● **INSTRUCTIONS FOR THE TASK**
Begin at the line below that has "Snapshot of Glamazonx". Stop after the line that has "Патрубок Volkswagen .Патрубок", repeating each line exactly and leaving out the pictures.
===============
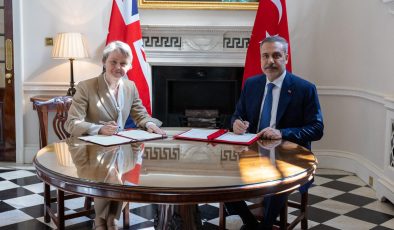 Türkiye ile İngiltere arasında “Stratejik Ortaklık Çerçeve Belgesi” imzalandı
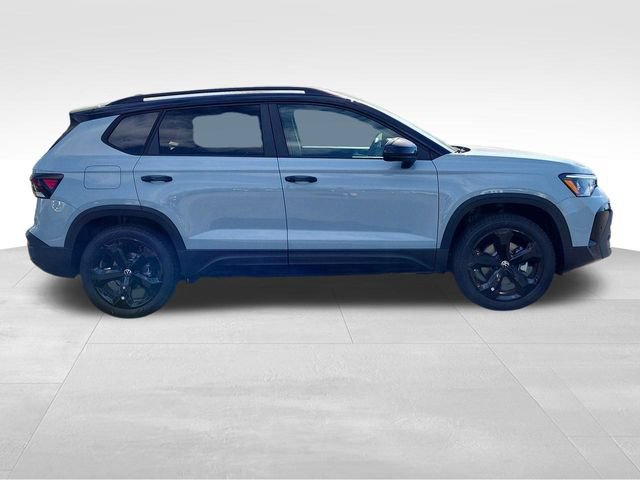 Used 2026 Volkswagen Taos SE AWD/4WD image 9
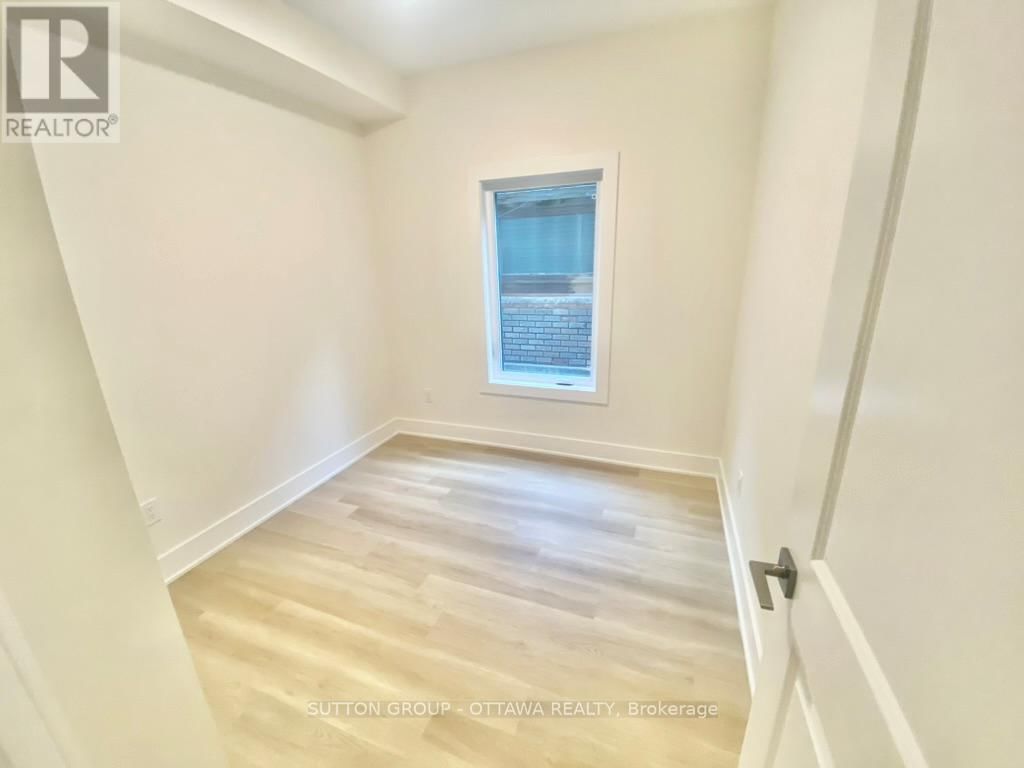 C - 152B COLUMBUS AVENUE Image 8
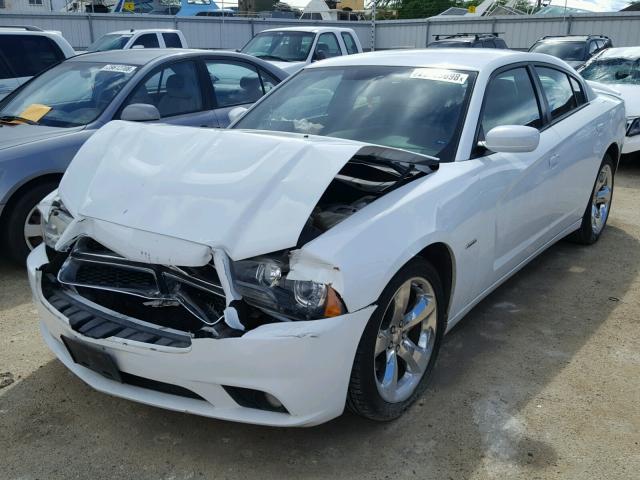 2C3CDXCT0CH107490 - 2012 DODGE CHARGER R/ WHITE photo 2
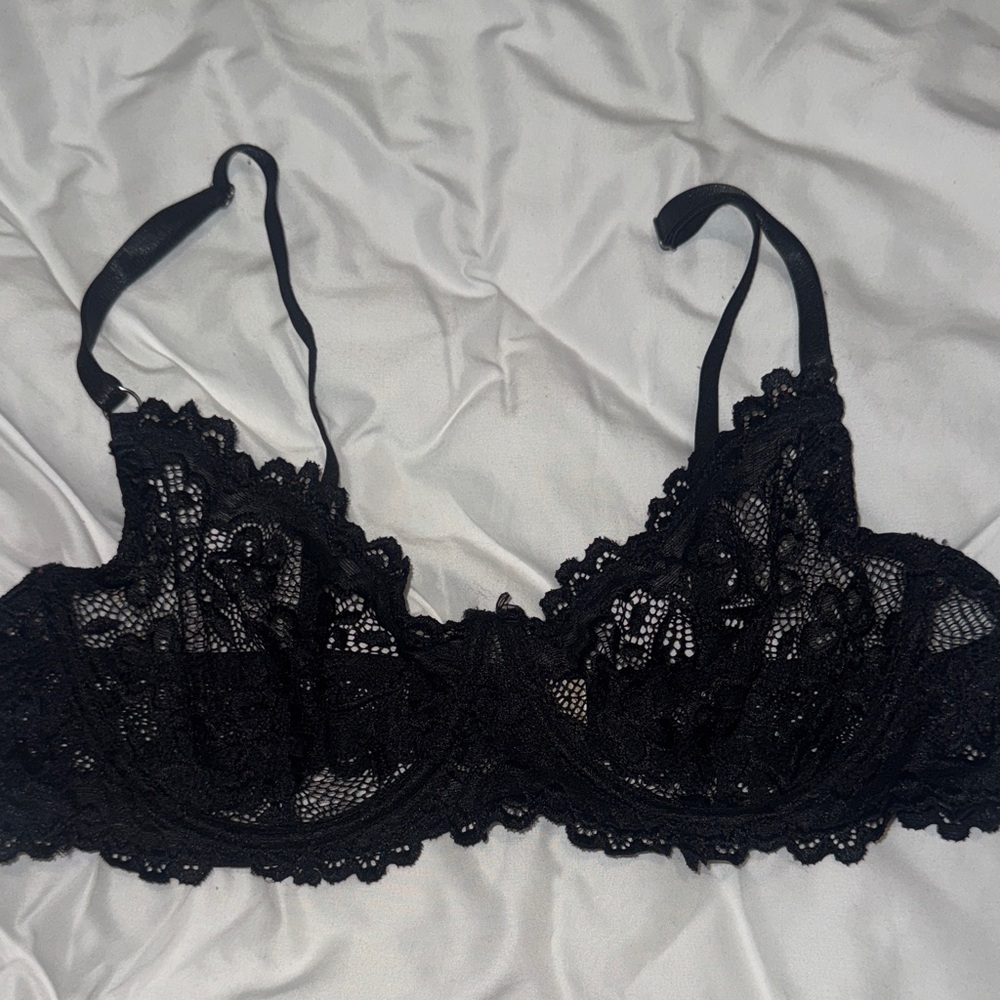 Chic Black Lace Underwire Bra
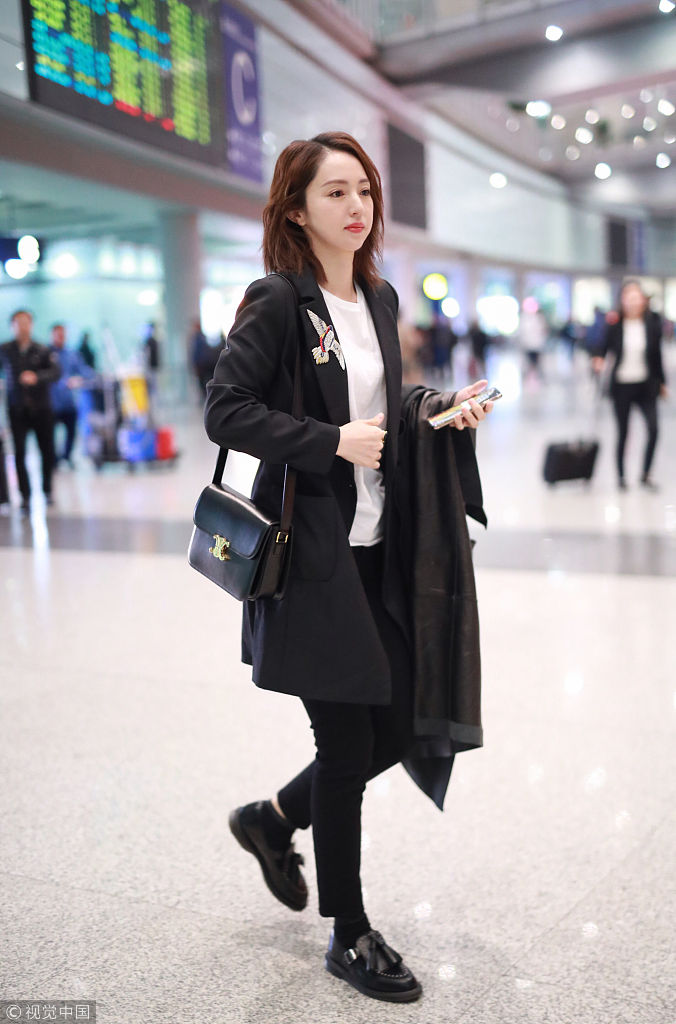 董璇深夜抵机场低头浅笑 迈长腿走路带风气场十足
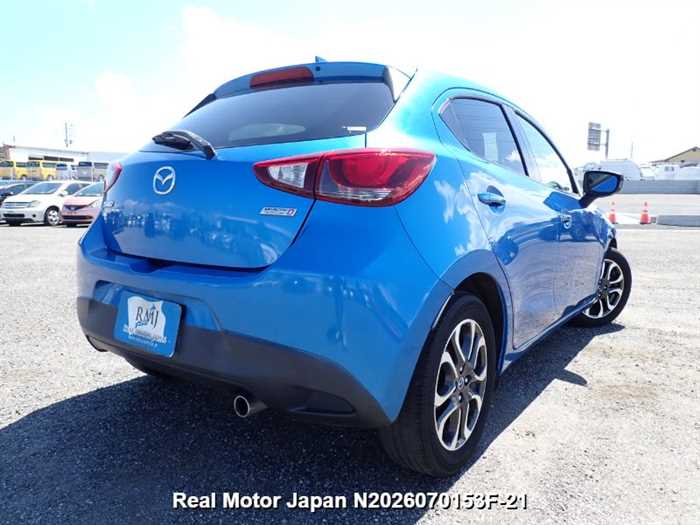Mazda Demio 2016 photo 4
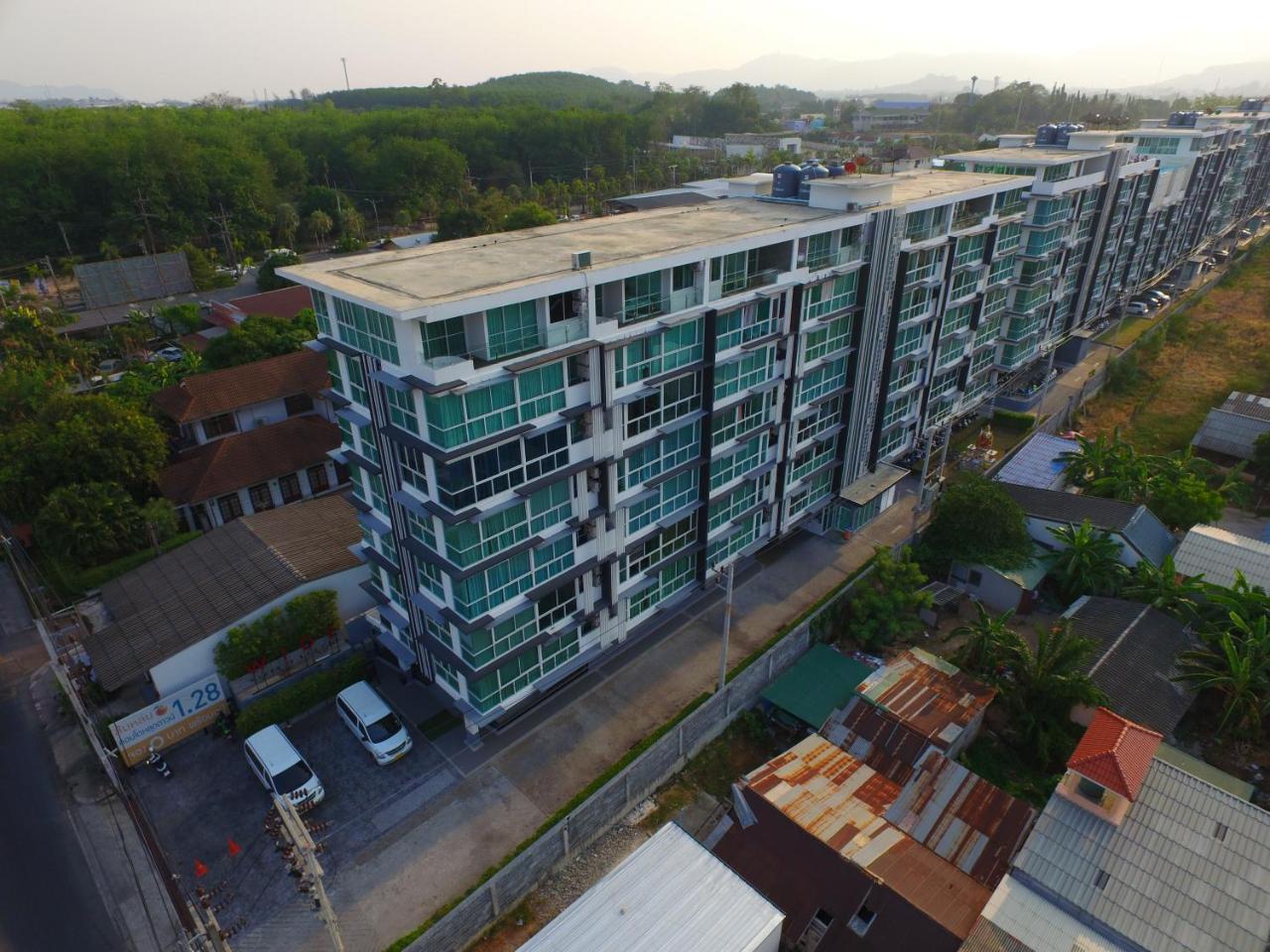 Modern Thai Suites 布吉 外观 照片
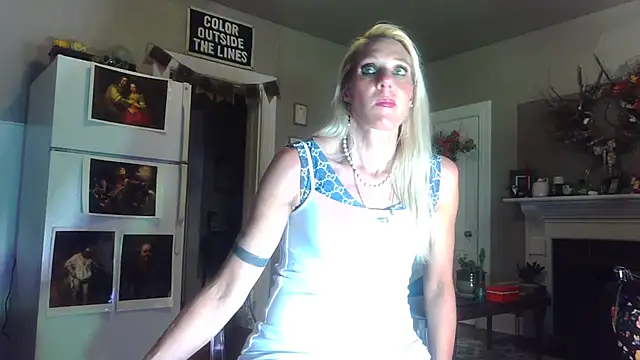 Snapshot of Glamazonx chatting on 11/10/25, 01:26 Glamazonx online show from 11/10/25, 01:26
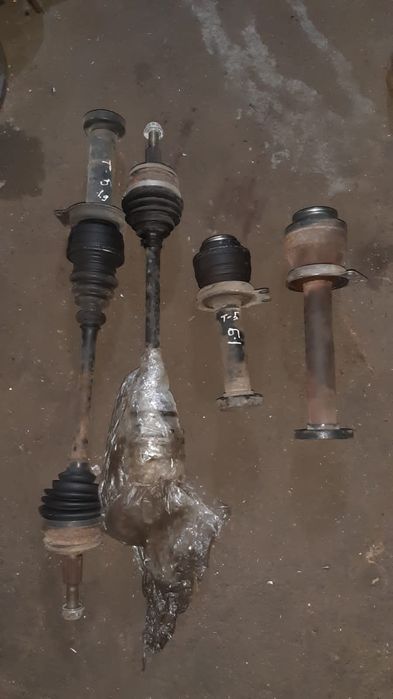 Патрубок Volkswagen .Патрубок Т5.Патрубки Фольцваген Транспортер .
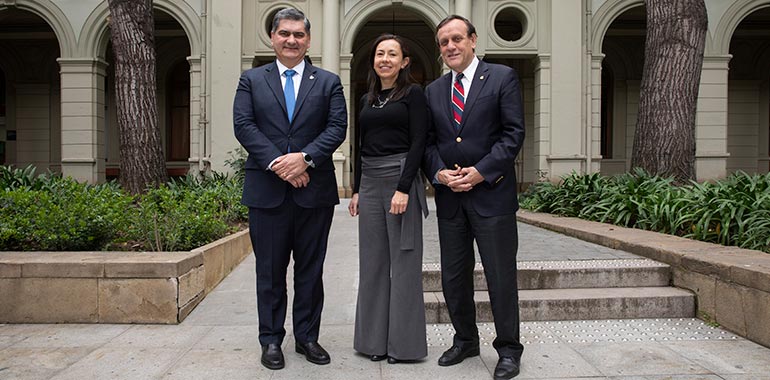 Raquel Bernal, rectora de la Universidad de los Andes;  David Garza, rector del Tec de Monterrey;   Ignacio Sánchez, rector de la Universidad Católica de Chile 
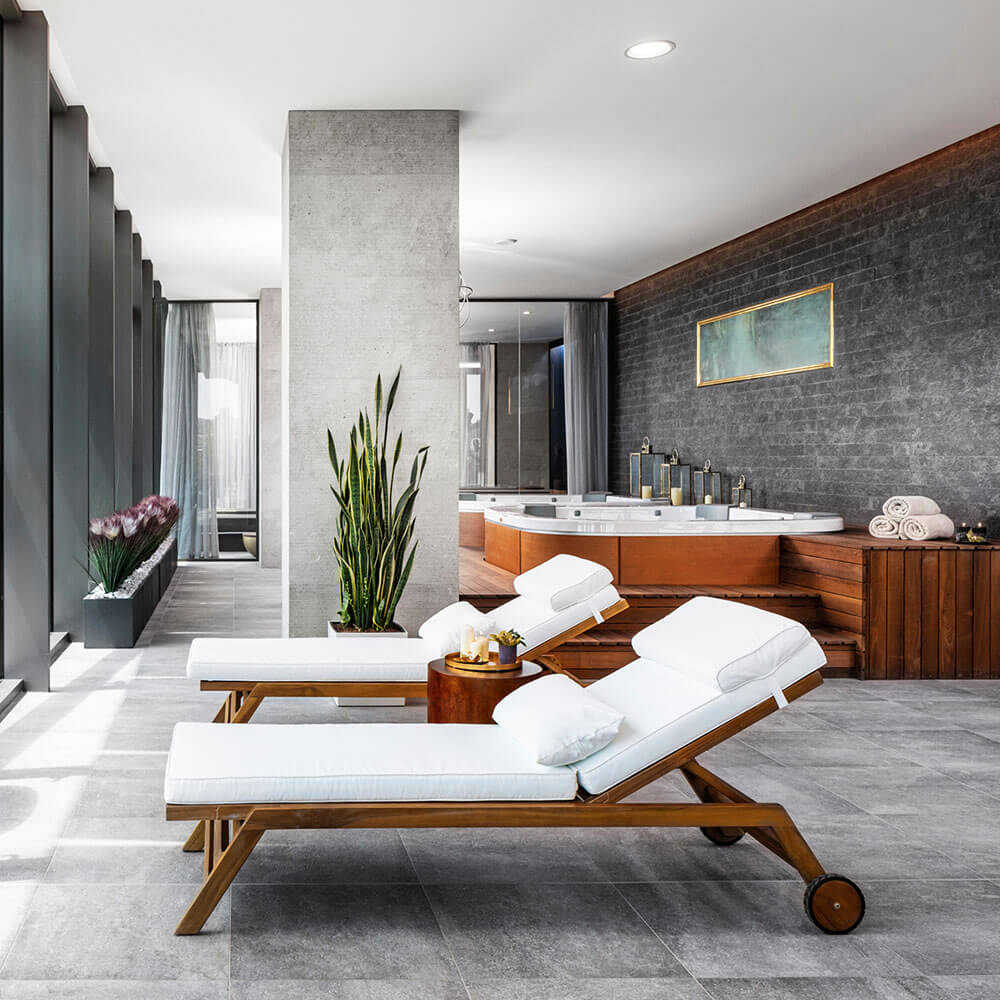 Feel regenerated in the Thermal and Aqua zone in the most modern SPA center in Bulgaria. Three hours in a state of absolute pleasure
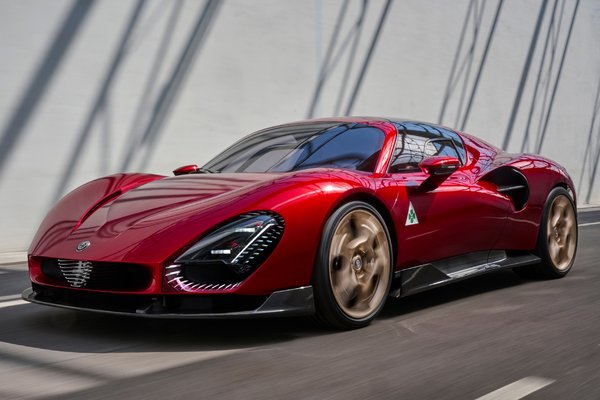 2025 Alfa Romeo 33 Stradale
===============
● **RESPONSE TO THIS TASK**
 Snapshot of Glamazonx chatting on 11/10/25, 01:26 Glamazonx online show from 11/10/25, 01:26
 Патрубок Volkswagen .Патрубок Т5.Патрубки Фольцваген Транспортер .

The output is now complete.